Aug 18, 2021 | Studies & Reports

How Taliban have learnt from Al-Qaeda ‘strategic error’ as concerns mount over comeback

Express  ـ THE TALIBAN has been connected to the terror group Al-Qaeda. But experts think the new Taliban regime will have learned from its previous “strategic error” in publicly supporting Al-Qaeda decades ago. The US and the UK are now in the process of exiting Afghanistan after 20 years of military presence. As military forces prepared to depart Afghanistan in recent months, the Taliban reclaimed swathes of the country. The Afghan capital of Kabul fell to the Taliban on Sunday, with the group overrunning the presidential palace.

The September 11 attacks on the US, which killed almost 3,000 people, were planned by Al-Qaeda.   Before recent events unfolded, the Taliban had not held control in Afghanistan for 20 years.But now power seems certain, there are concerns for what this new Taliban regime could mean for the West.One major concern is whether the Taliban has retained its strong links to Islamist terror group Al-Qaeda, and whether the group will find support in a new Taliban government in Afghanistan.

The terror group found shelter in Afghanistan under the previous Taliban regime of 1996 to 2001, and it is in Afghanistan where Al-Qaeda planned their attacks.
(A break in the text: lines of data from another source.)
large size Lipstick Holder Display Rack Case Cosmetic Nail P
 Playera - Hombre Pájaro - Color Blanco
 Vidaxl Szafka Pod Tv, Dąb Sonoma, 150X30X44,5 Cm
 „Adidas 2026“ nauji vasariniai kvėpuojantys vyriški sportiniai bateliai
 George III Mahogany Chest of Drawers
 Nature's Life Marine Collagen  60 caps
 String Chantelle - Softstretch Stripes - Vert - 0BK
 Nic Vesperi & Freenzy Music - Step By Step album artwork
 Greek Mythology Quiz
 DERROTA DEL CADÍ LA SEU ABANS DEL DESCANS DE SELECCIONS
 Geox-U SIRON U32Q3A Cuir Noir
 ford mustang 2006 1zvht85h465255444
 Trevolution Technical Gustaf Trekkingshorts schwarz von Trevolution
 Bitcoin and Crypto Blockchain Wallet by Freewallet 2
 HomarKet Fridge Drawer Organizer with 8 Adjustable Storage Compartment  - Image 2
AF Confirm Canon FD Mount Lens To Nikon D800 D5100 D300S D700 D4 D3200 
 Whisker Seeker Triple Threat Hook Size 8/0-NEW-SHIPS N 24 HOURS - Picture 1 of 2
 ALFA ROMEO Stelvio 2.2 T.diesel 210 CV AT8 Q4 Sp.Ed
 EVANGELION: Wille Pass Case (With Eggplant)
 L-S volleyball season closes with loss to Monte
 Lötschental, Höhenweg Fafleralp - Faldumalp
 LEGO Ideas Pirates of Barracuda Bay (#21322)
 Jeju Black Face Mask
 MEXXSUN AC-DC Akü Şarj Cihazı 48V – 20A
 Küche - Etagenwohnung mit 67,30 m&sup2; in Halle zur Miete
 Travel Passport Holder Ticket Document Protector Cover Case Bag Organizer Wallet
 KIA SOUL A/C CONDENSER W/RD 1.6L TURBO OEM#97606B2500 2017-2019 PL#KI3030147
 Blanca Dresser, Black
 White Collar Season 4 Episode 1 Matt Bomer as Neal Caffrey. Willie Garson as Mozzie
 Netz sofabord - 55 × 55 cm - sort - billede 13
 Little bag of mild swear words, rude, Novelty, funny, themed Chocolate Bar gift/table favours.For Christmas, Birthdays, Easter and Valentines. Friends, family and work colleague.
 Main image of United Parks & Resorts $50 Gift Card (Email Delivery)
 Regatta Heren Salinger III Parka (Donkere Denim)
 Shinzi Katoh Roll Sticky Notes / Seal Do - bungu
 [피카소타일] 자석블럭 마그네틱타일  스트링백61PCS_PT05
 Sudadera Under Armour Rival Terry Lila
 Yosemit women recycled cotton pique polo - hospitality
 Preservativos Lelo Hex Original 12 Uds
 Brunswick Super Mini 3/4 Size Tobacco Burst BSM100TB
The US invaded the country in 2001 in response to the attacks, and the Taliban regime was ousted. Experts think the Taliban are now unlikely to be so public about their links to Al-Qaeda in light of the US’s decision to invade Afghanistan after 9/11. Jean-Pierre Filiu, a jihadism specialist at Sciences Po university in Paris, told AFP the Taliban do not want to make the same “strategic error” as they did when previously in power.

Mr Filiu said: “If the Taliban of 2021 are different from those of 2001, it’s not because they have moderated their religious obscurantism, but because they don’t want to make the same strategic error, which was their blind support for Al-Qaeda which cost them power.” There are concerns about what a resurgence of Al-Qaeda and terror groups in Afghanistan could mean for the West. Independent UN experts reported to the Security Council last month that Al-Qaeda is present in at least 15 Afghan provinces, consisting mainly of Afghan and Pakistani nationals, but also people from Bangladesh, India and Myanmar.

China’s deputy UN Ambassador Geng Shuang told the council: “Afghanistan must never again become a haven for terrorists. This is the bottom line. “We hope that the Taliban… make a clean break with the terrorist organisations.”  Sir Ivor Roberts, a former UK counter-terrorism chief and senior adviser to the Counter Extremism Project, a Washington-based think tank, told Metro: “This is a moment of extreme danger for the West. “Quite apart from disaster being visited on Afghan people, the West faces a renewal of the same terrorist threat which led to 9/11 and the rise of ISIS.

“Some reports have spoken of up to 20 terrorist groups providing foreign fighters to support the Taliban sweep through Afghanistan. “Alongside the power the Taliban has demonstrated over the last few days and the potential extremism potentially brewing beneath the surface, the UK and the West will bear the consequences. “This international catastrophe is coming straight to our door, in the form of an international terrorist threat.”